For decades, home ownership has been an integral part of the "American Dream." Unfortunately, decades of Federal intervention in the U.S. housing market designed to further this noble goal ultimately led to an unintended consequence - the creation and rise of the subprime mortgage market and a corresponding overinvestment in securities backed by these risky mortgage loans. When the subprime borrowers defaulted, a domino effect rippled through the housing market and the economy as a whole, and artificially inflated housing prices plummeted. The HAMP program, which attempts to keep borrowers in their homes and thereby prevent foreclosures, has been adjudged a failure by most experts, and the foreclosures have continued. Now comes the HAFA program, designed to streamline the short sale and deed-in-lieu process. While only time will tell as to whether HAFA will face the same fate as HAMP, the fact that HAFA is tied to the same set of limitations as the HAMP program suggests a similar fate.

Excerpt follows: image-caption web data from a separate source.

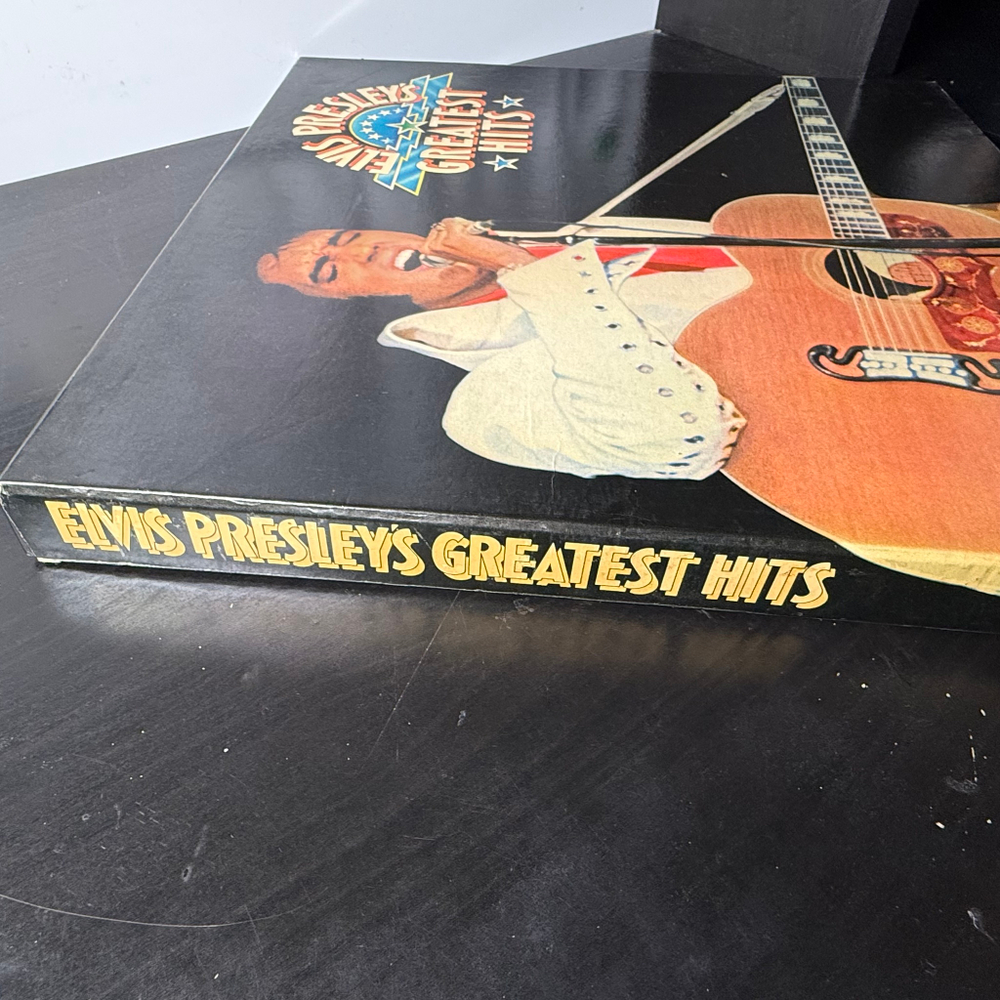 Elvis Presley - Elvis Presley's Greatest Hits 7LP (Англия 1978г.)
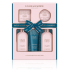 Baylis & Harding Jojoba, vanilka a mandlový olej mycí gel 300 ml + sprchový krém 300 ml + mléko na ruce a tělo 130 ml + toaletní mýdlo 150 g + tělové máslo 100 ml, kosmetická sada pro ženy
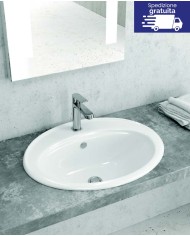 Lavabo da incasso - Tipologia LT 6002
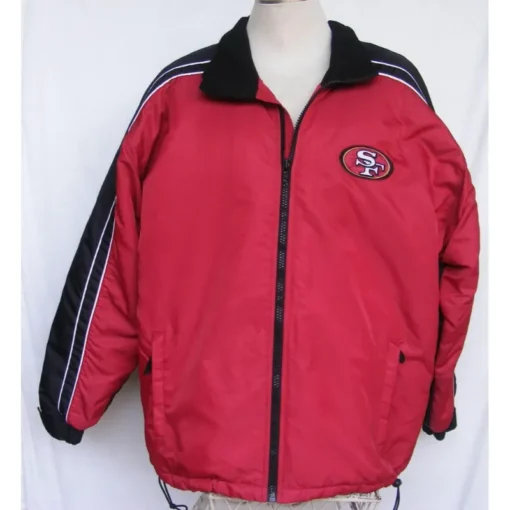 Tony Borer San Francisco 49ers Red Jacket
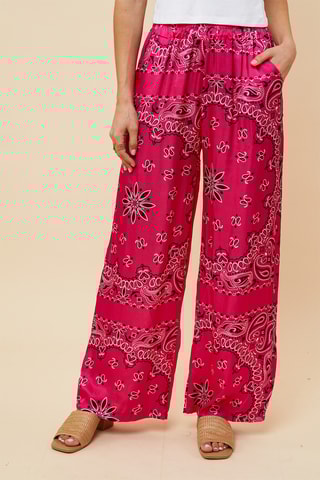 Broek - Fuchsia
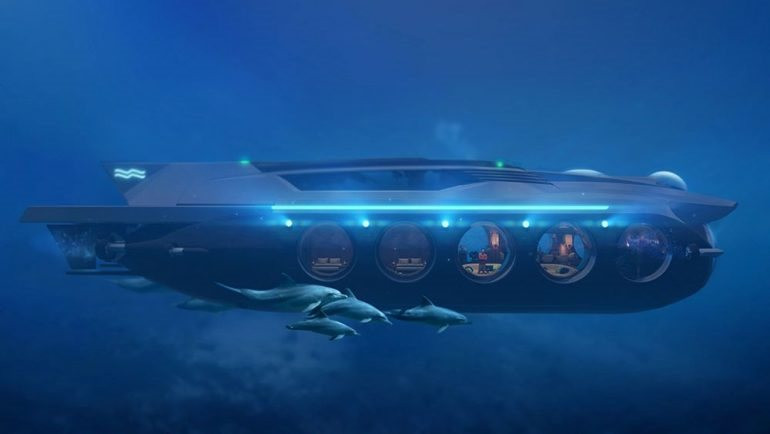 Quên siêu du thuyền đi, tàu ngầm trở thành biểu tượng địa vị mới của giới tỷ phú: Có đến 4 phòng ngủ, nặng 1.250 tấn với tiện nghi xịn sò bậc nhất hành tinh - Ảnh 2.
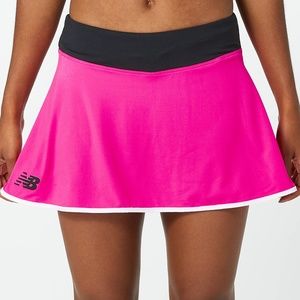 New Balance Fall Rally Tennis Skirt, Size Small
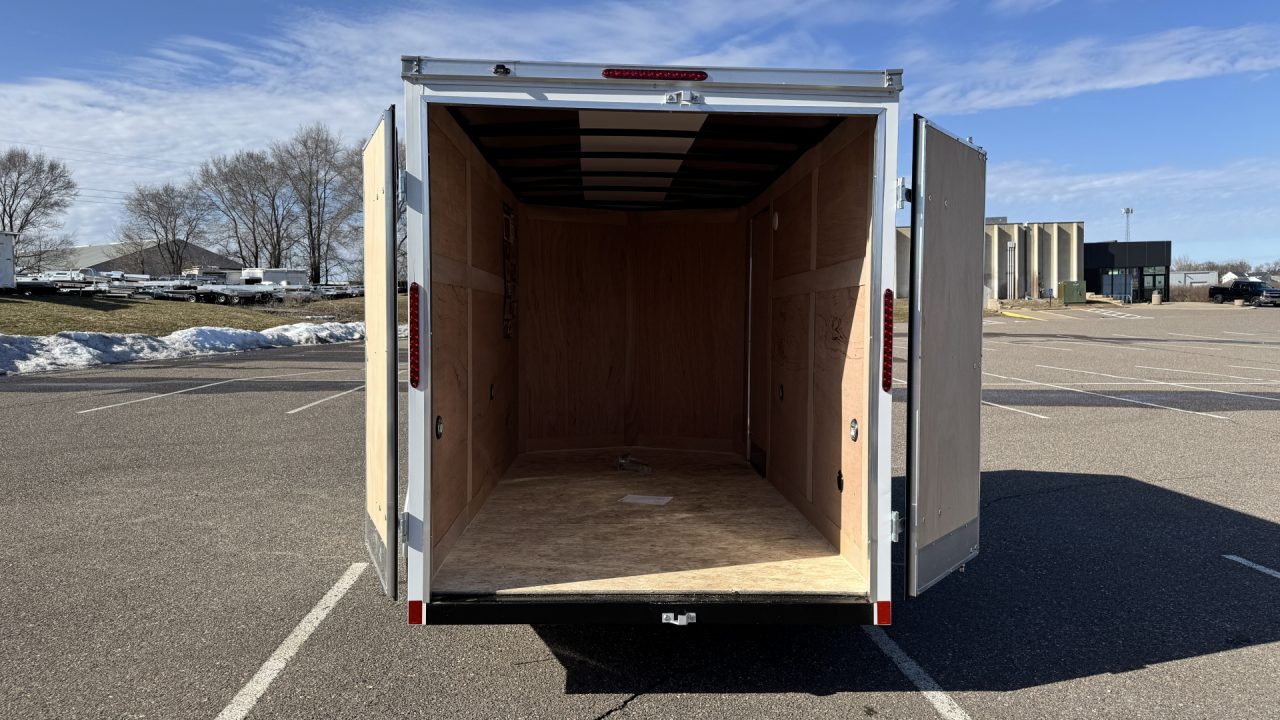 New American Hauler 6x12 Enclosed Trailer - Double Doors!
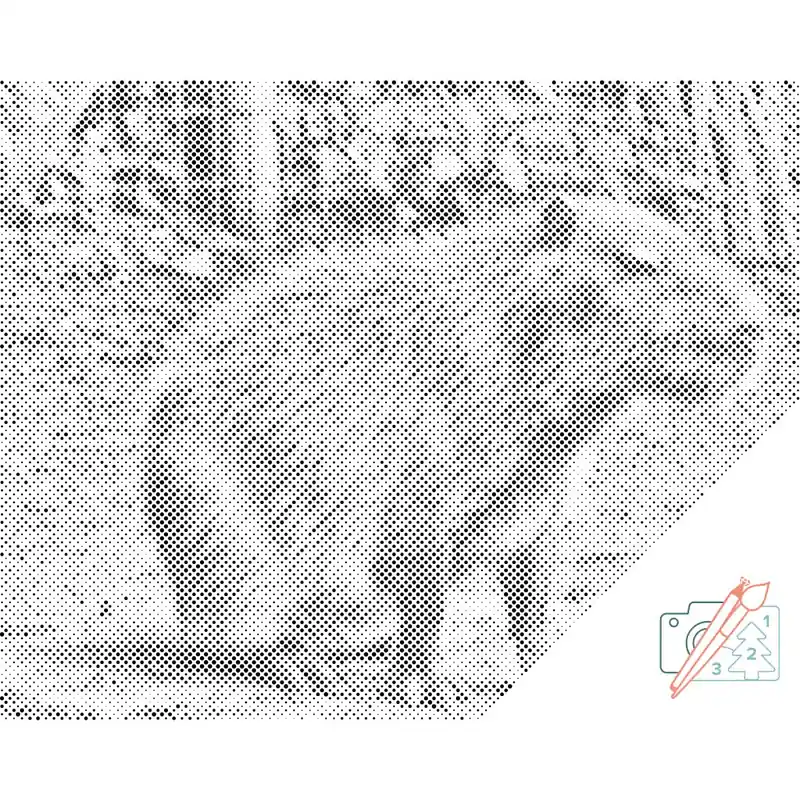 Punktmalerei – Capybara Garantierte Lieferung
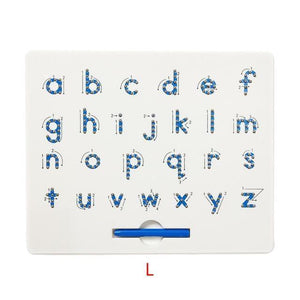 Children Magnetic Alphabet Learner and Writing Board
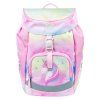 BAAGL Školní batoh Airy Rainbow Unicorn - 16,5 L
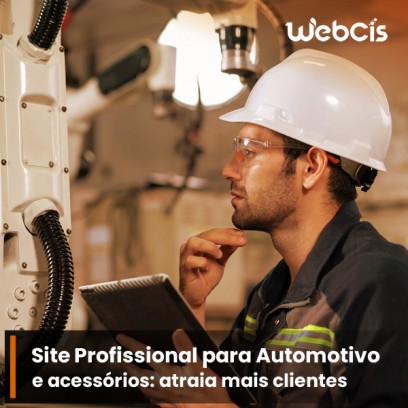 Criação de Sites em São Paulo para Automação Industrial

In the end, the best program to spur on the recovery of the housing market is no program at all. Only when legislatively-imposed barriers to the normal foreclosure process are removed and lenders are allowed to clear out their inventory of foreclosed properties without further delays will housing prices drop to levels at which enough Americans can afford to purchase them.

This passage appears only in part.